2. feline epidemic: Also called panleukopenia, because the disease dangerously reduces white blood cells. The disease is caused by the parvovirus. This bad disease makes bloody diarrhea, abdominal pain and vomiting. It affects the whole body and usually leads to death. Diseased animals can only be supported symptomatically and must be isolated, because the highly contagious disease can be transmitted directly or indirectly to other animals. Indirect transmission is also possible to indoor-only cats. Kittens and immunocompromised cats are particularly at risk. Cats can only be protected from this disease by up-to-date and good vaccination protection. The vaccination is usually combined with the cat cold vaccination and is well tolerated.

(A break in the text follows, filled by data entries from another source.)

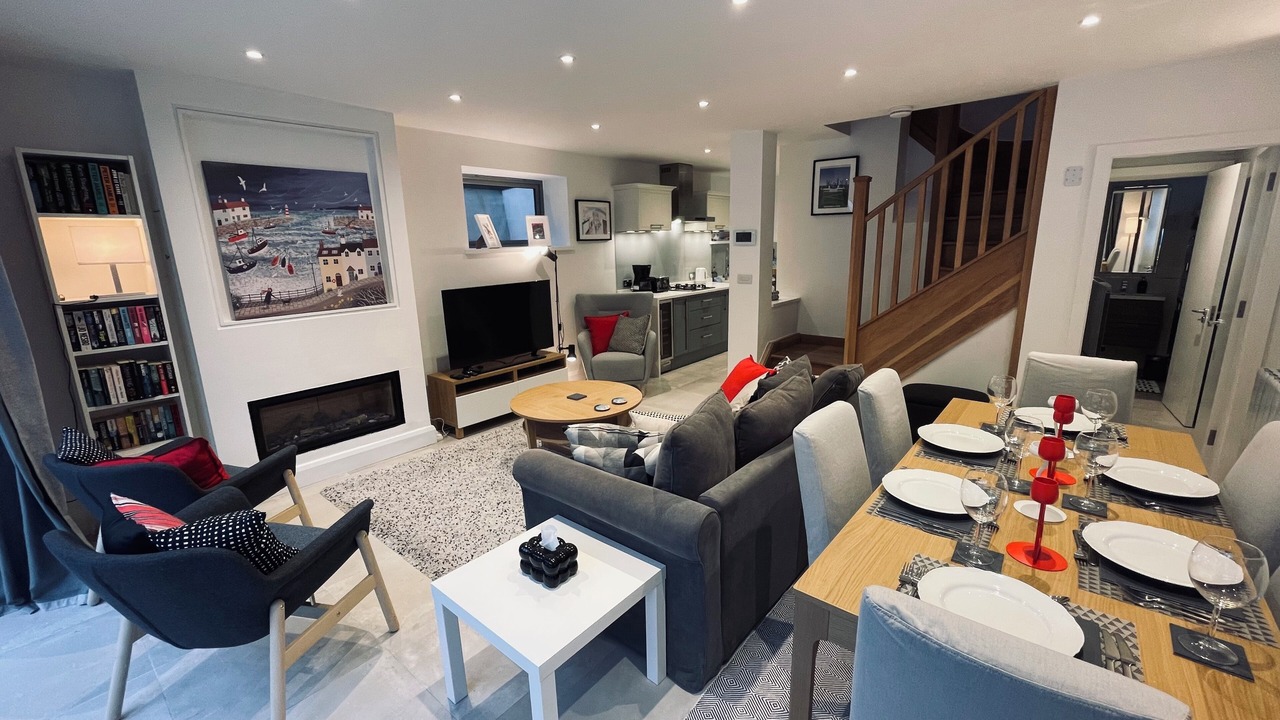 Photo of Others in Cleveland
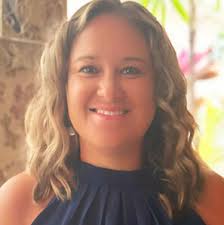 Join Our Team: Explore Career Opportunities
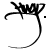 :iconhugostylefreelance:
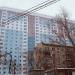 Нагатинская наб., 44 корпус 1 в городе Москва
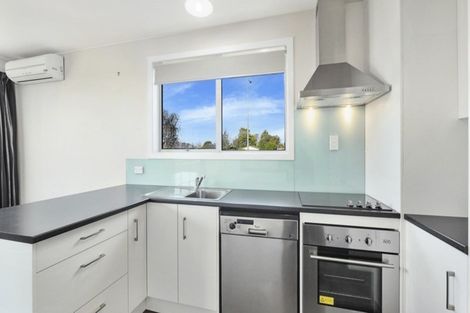 Photo of property in 178 Horndon Street, Darfield, 7510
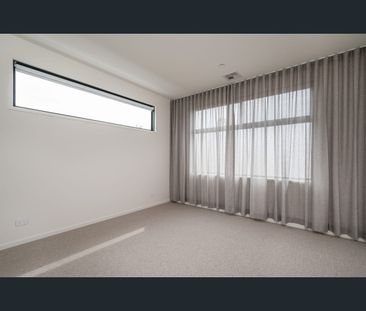 63A Highett Road, Hampton, Vic 3188 - Photo 1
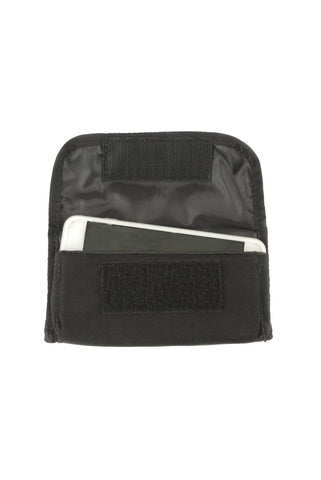 Horizontal Smartphone Pouch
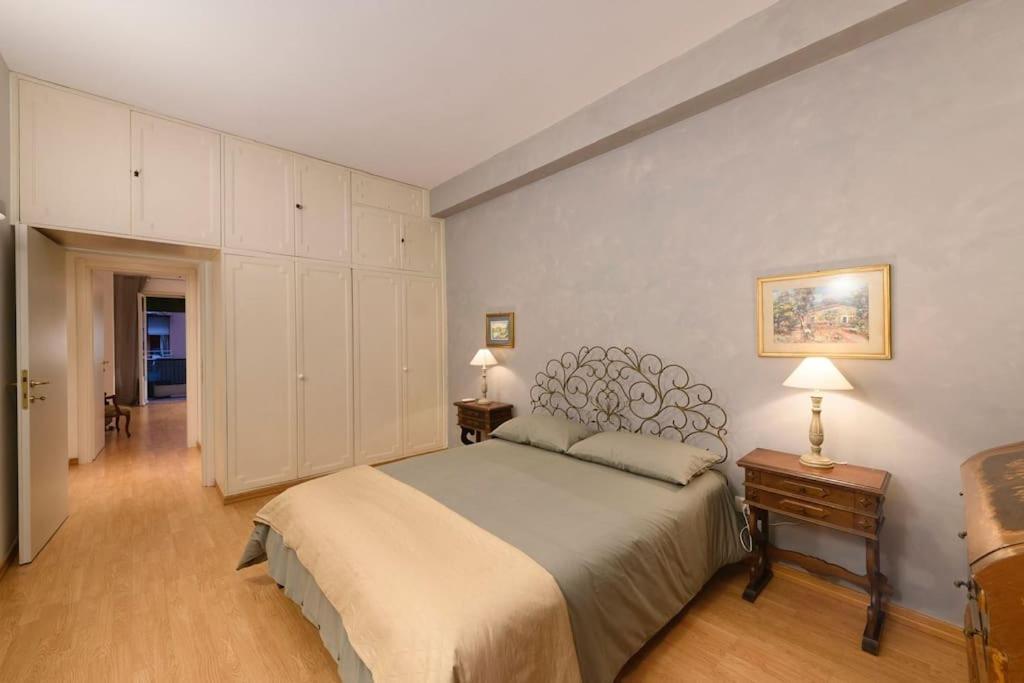 St Peter S Home, Nel Cuore Della Citta Eterna Holiday home Rome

3. leucosis: Caused by the feline leukemia virus (FeLV). This non-treatable disease is passed directly to other cats via saliva, feces, nasal secretions. Pure bred cats cannot become infected. These viruses can be in a cat for years until the disease breaks out. All cats are tested for the virus before they are vaccinated against leukosis. If cats that are already infected are vaccinated, the disease can break out. The vaccination protects well and is well tolerated. Vaccination is highly recommended for cats that go outside. It prevents the infection with the virus and protects the cats from the fatal disease. Most of the infected cats die within two to three years. Some of the infected cats do not get the disease, but they can infect many other cats. When the disease breaks out, the course is always fatal, so this vaccination is very important.

4. rabies: Switzerland is rabies free and therefore this vaccination is only of importance when cats are transported across the border. The deadly rabies virus leads to bad brain inflammations. Treatment of rabies is prohibited because the risk to humans is far too great. Diseased animals usually die within three to four days. The infection by the virus can be two weeks or up to several months ago. In Switzerland, it is mainly in illegally imported animals without rabies vaccination. Please note that rabies is a zoonosis and a deadly danger for humans.

Are there so-called "vaccine tumors" in the cat?

No, there are no vaccine tumors. In the past, it was believed that certain leukosis vaccines were possible. Today, we know that each injection (syringe) poses a small risk due to irritation of the tissue. The risk can be reduced by using the smallest possible needles and by using medicines and vaccines that cause little irritation. Of course, only injections that are necessary should be made. We deal daily with deadly diseases that could have been prevented with vaccination, yet we see only 1 - 2 such "syringe tumors" within 10 years. A reasonable risk assessment gives the answer whether it makes sense to vaccinate or not.

From experiences and discussions around vaccinations in humans, sometimes erroneous conclusions are made about vaccinations in animals. We would like to point out that the risk in animals may be different. If you have any questions, we will be happy to help you. We recommend only the vaccinations that are really important and apply the vaccination intervals individually.